Now, the game bills itself as being hard and having a learning curve and saying that you won't succeed the first time around, so this experience is something I should've expected going into it, but it's still something that left me feeling like not wanting to play the game anymore and that feeling remains even though several weeks have passed since. My thoughts do wander to the game occasionally to be fair, so maybe I end up trying it again at some point, but we'll see.
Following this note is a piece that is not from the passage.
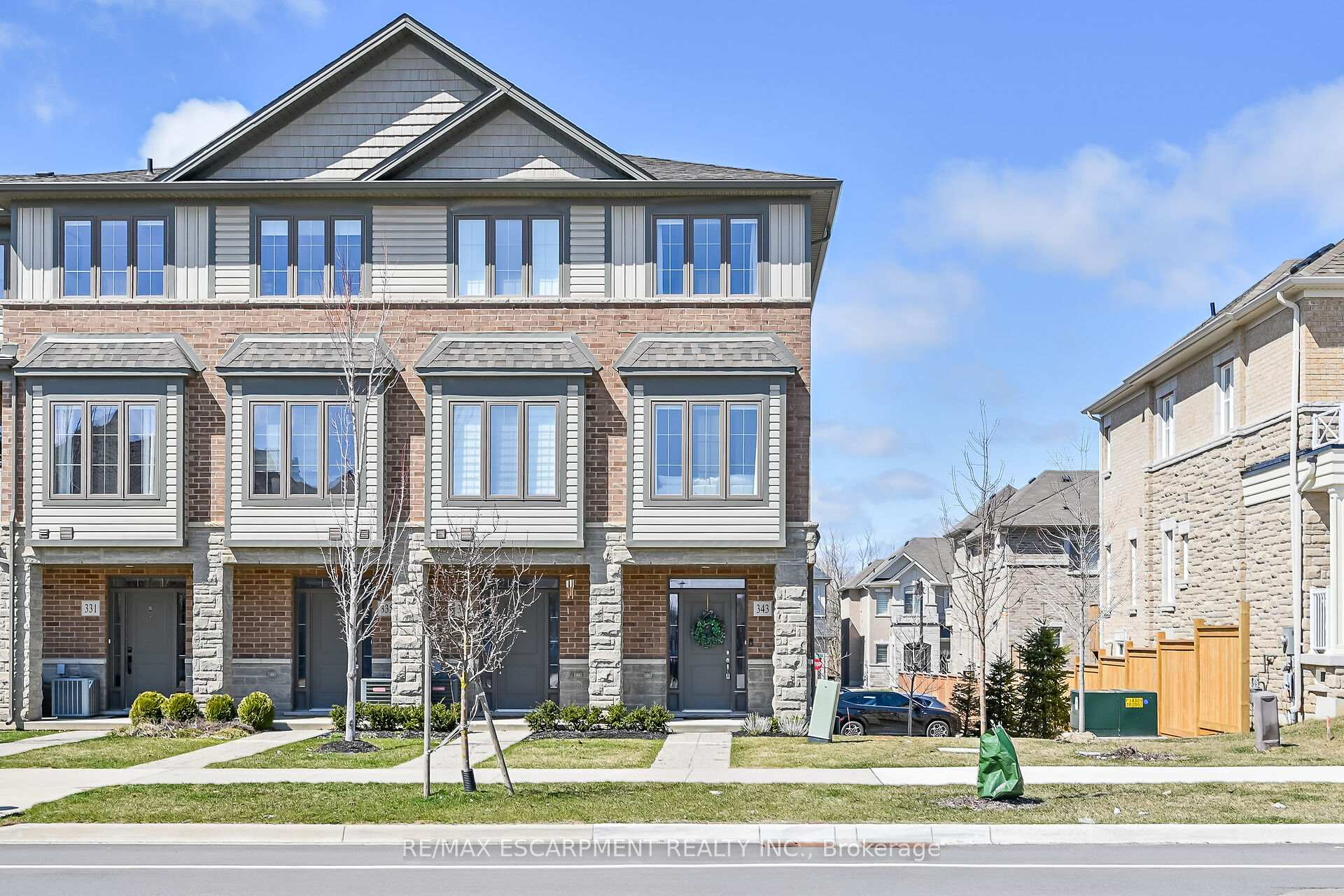 Photo 15 of 343 Skinner Road, Hamilton, Waterdown — HOMEH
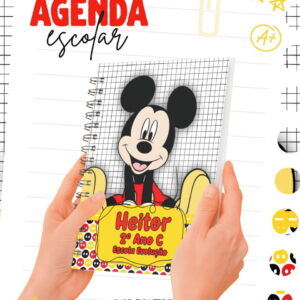 Arte digital de agenda escolar com personagem de orelhas redondas, sendo segurada por mãos.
Another example that comes to mind, last summer as I was playing through RPGs I mostly ended up playing them on something like easy, which is a bit out of the ordinary for me since I most often tend to play things on normal or the equivalent. This was partially motivated by me not being such a huge friend of the resource management in the spells system that tends to be present in the type of D&D-inspired RPGs I was playing, but even though that wasn't really the case in Pillars of Eternity II I still played the game on easy, so I'm not quite sure that was the whole reason. Now, to be fair, for me the more interesting part is the story and the social interactions anyway and the combat I don't find overly interesting, and it quite simply just felt more relaxing doing it this way around and I'm not advocating that everyone needs to always do things the hardest way possible or that something has to be difficult for it to be enjoyable but these are merely observations of a pattern in recent times.

I stated before, that I don't really believe failure is something that provides a great deal of joy to most people, even if they do then end up learning from it, and that it is then later the application of that learning and seeing the improvement that provides the joy. But it feels, therein lies the rub for me at the moment, I feel uncomfortable putting myself in situations where I don't feel safe being able to succeed instantly, and when that doesn't happen I feel all the more bad about my failure since it was something where I was expecting to succeed and am not able to gleam as much learning as might be possible from it. My problem, as it were, is not with failing itself but the reaction and mindset surrounding it that I have at the moment, and that is something I feel I need to work on.

I worry I might be paralysing myself with fear to a degree, where I find it more difficult to start with things since I fear I might not succeed—or perhaps my difficulties with starting things are mostly unrelated and at some point worth a post of their own.